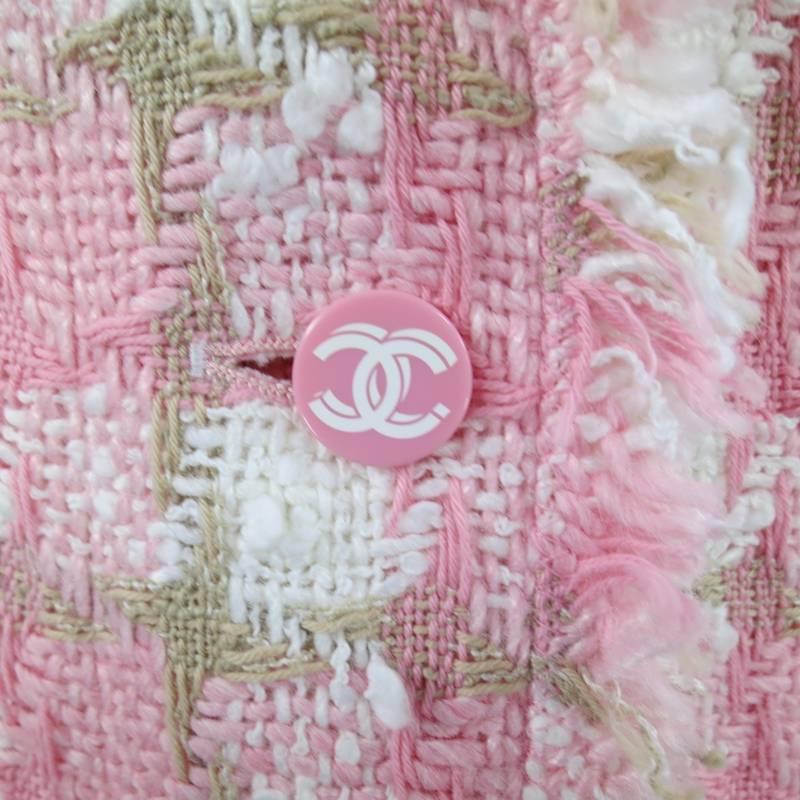 Women's CHANEL Size 6 Pink & Beige Houndstooth Raw Edge Flower Brooch Jacket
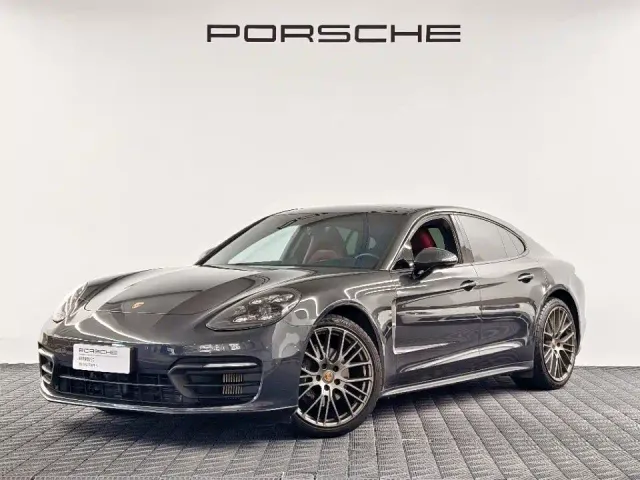 Фотография автомобиля — Porsche Panamera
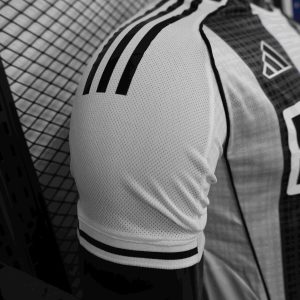 2025/2026 Player Version Newcastle United Home Football Shirt 1:1 Thai Quality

- - -

The problem = Output the lines above in full and exactly as given, omitting any pictures.

Result of this task =
 Women's CHANEL Size 6 Pink & Beige Houndstooth Raw Edge Flower Brooch Jacket
 Фотография автомобиля — Porsche Panamera
 2025/2026 Player Version Newcastle United Home Football Shirt 1:1 Thai Quality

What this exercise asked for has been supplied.